The saber tooth tiger is in the room here and now. Our nervous system automatically chooses between variations of fight, flight and freeze (some would add “fawn” and “feigned death” or “submit” to this list) in a last-ditch effort to save our lives. Panic is not an ethical or relational emotion. Panic is about survival. Fight, flight, and freeze are appropriate in these situations. Panic loves us so much, it’s willing to sacrifice everything to save us.
However, most of what we call panic isn’t clear and present danger that is happening in the present moment. Most of what we use the word panic for actually centers around the past and is why we put the “P” in “PTSD” (post-traumatic stress disorder). This emotion is trying to help us too. Think of it as a medicine man.
If a medicine man in full ceremonial dress appeared in front of you engaged in full ceremonial dance – looking like he looks, moving like he moves, sounding like he sounds – and you weren’t familiar with his cultural traditions, he might trigger your sense of clear and present danger. Just like an actual medicine man, though, this form of panic is meant to help heal you, not hurt you. This form of panic tries to help you attend to the past via three questions: 1) “What triggered this?” 2) “What has been frozen in time” (in psychological language: “What does this remind you of?”) and 3) “What healing action(s) need to happen?” (McLaren, 2010, p. 281). A lot of things could happen (including avoidance and hyper-vigilance), but which actions would actually be healing? Answering these questions that panic poses helps us cut through the haze of past projections to focus us on what is needed to help separate past from present so that we can be in the present with all the power and resources it holds, rather than the past when we didn’t have the power or resources we have access to now. Once we take those healing actions that help us get back into the here and now and within our window of tolerance, the intensity of the panic subsides because it’s done its job and we attended to the work it needed us to tend to.
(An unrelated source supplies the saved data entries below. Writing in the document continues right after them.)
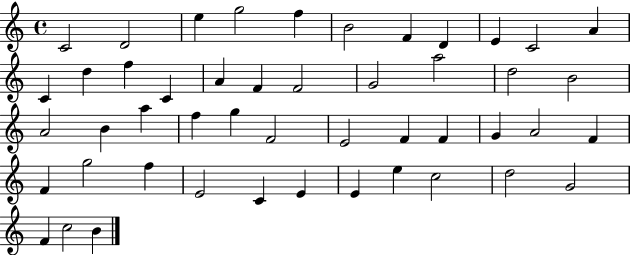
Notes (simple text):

C4/h D4/h E5/q G5/h F5/q B4/h F4/q D4/q E4/q C4/h A4/q C4/q D5/q F5/q C4/q A4/q F4/q F4/h G4/h A5/h D5/h B4/h A4/h B4/q A5/q F5/q G5/q F4/h E4/h F4/q F4/q G4/q A4/h F4/q F4/q G5/h F5/q E4/h C4/q E4/q E4/q E5/q C5/h D5/h G4/h F4/q C5/h B4/q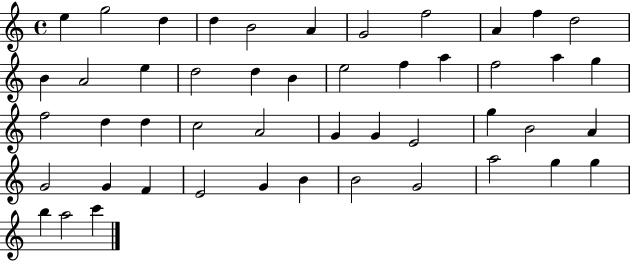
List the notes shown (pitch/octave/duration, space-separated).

E5/q G5/h D5/q D5/q B4/h A4/q G4/h F5/h A4/q F5/q D5/h B4/q A4/h E5/q D5/h D5/q B4/q E5/h F5/q A5/q F5/h A5/q G5/q F5/h D5/q D5/q C5/h A4/h G4/q G4/q E4/h G5/q B4/h A4/q G4/h G4/q F4/q E4/h G4/q B4/q B4/h G4/h A5/h G5/q G5/q B5/q A5/h C6/q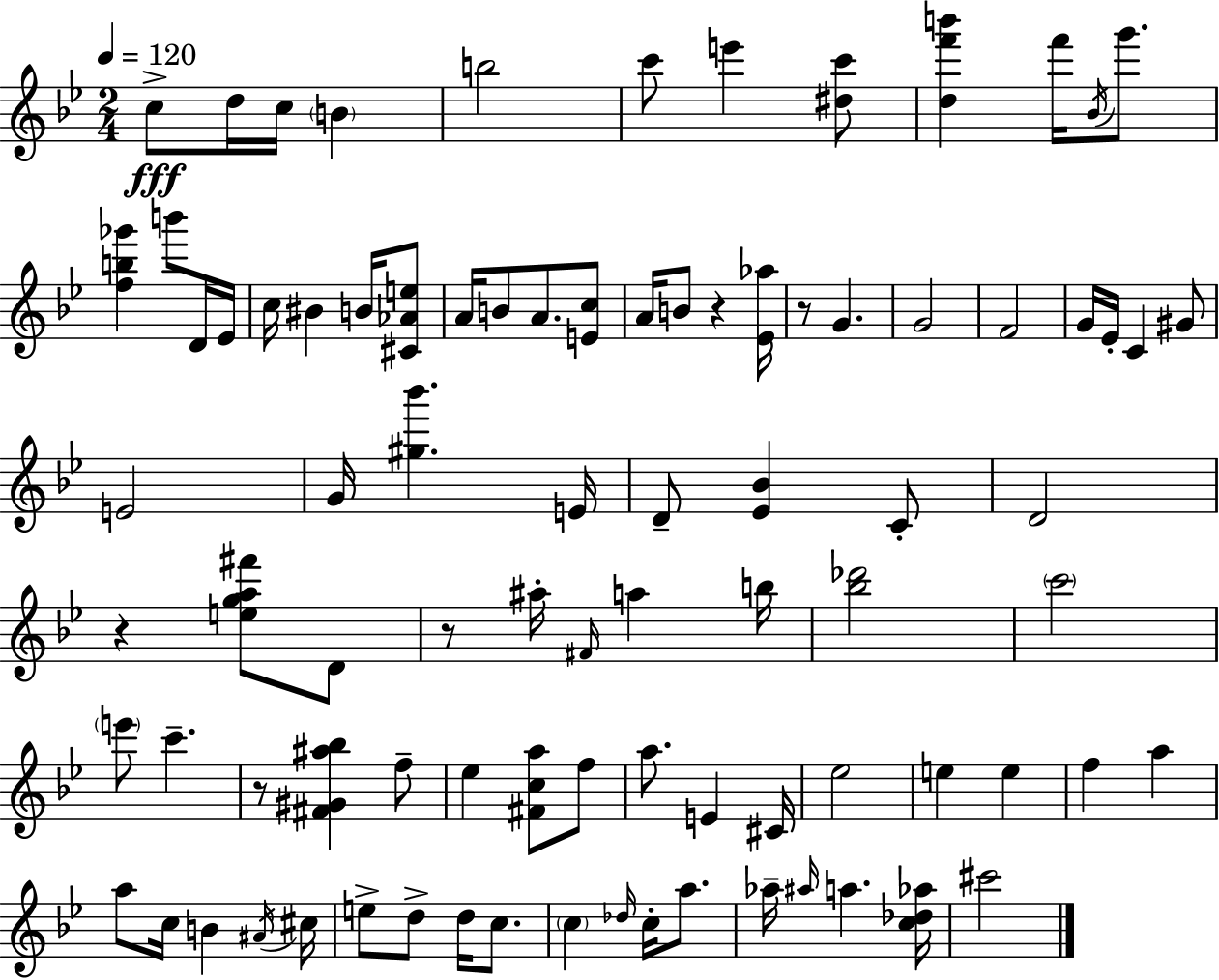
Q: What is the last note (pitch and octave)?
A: C#6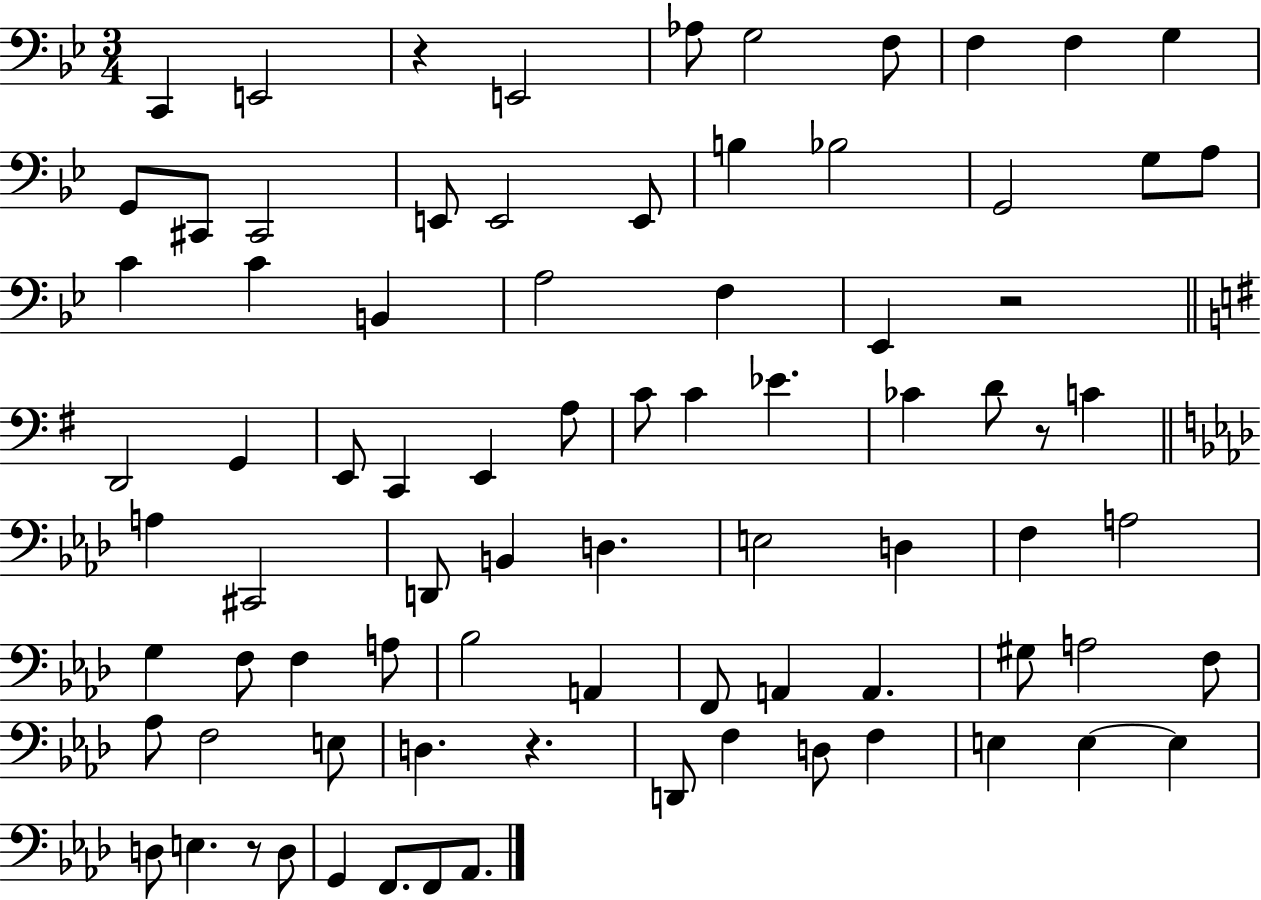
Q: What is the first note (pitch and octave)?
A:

“In a nutshell, people must pay attention to their emotions and give them equal status to thought and action. It is the integration of emotion and reason that results in a whole that is greater than the sum of its parts. It is not that the experience of emotion alone leads people to wise action. . . . How people make sense of their emotional experience and how they use it is what makes the difference. Awareness of emotion and the ability to enable emotion to inform reasoned action is what is necessary for emotional intelligence” (Greenburg, 2008, p. 10).
- Damasio, A. (2010). Self comes to mind: Constructing the conscious brain. NY: Pantheon.
- Greenberg, L. (2008). Emotion-focused therapy: Coaching clients to work through their feelings. Washington, D.C.: American Psychological Association.
- McLaren, K. (2010). The language of emotions: What your feelings are trying to tell you. Boulder, CO: Sounds True.
- McLaren, K. (2013). The art of empathy: A complete guide to life’s most essential skill. Boulder, CO: Sounds True.
- McLaren, K. (2020). Embracing anxiety: How to access the genius of this vital emotion. Boulder, CO: Sounds True.